Lower Gas Demand in 2020 Fuels Lowest Gas Prices in Four Years
WASHINGTON, D.C. — Last year's prices at the pump hit their lowest annual average since 2016.
According to the U.S. Energy Information Administration (EIA), regular retail gasoline prices averaged $2.17 per gallon in the United States in 2020 — 44 cents per gallon, or 17 percent, lower than in 2019.
Gas prices started 2020 at more than $2.50 per gallon; however, the COVID-19 pandemic drove widespread reductions in passenger travel and gasoline demand, contributing to lower gasoline prices across the U.S., EIA explained.
By mid-March, as a national emergency was declared in response to the health crisis, prices averaged $2.38 per gallon. They continued to fall for several consecutive weeks before reaching $1.77 per gallon on April 27, the lowest average price since early 2016, according to the EIA's Gasoline and Diesel Fuel Update.
At the same time, the Bureau of Transportation Statistics data showed vehicle travel fell in April to its lowest month level on record. The data series dates back to 2000.

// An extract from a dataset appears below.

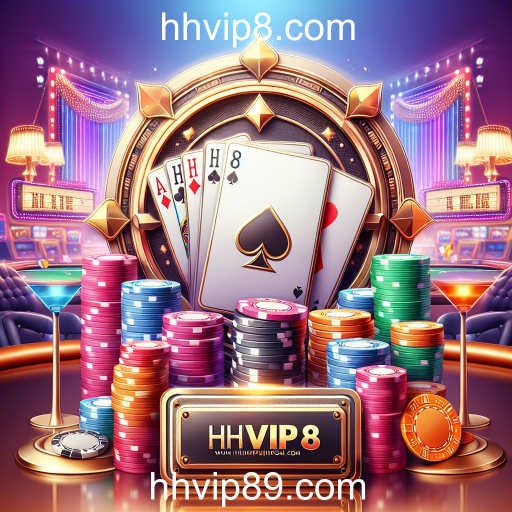 A Evolução dos Jogos de Cartas no hhvip8.com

Vehicle travel and gasoline demand (measured as product supplied) began to tick up in May, relative to April levels. From May through the end of the summer, U.S. gasoline inventories remained high because of sustained lower demand, even as refiners reduced gasoline production because of lower margins, according to EIA.
This stood out from past summers, when gas prices tend to be the highest — coinciding with increased demand. However, in 2020, U.S. gasoline prices were highest at the beginning of the year. Of the 10 cities surveyed in EIAs Gasoline and Diesel Fuel Update, eight cities registered their highest gasoline prices for the year on Jan. 6, and the remaining two cities (Chicago and Houston) registered their annual highs the following week on Jan. 13.
Gasoline prices in Boston, Chicago, Cleveland and San Francisco reached their annual lows on April 27, and gasoline prices in Denver, Los Angeles, New York and Seattle reached their annual lows the following week on May 4. The lowest gasoline prices of the year in the remaining two cities (Houston and Miami) occurred two weeks later, on May 18, EIA reported.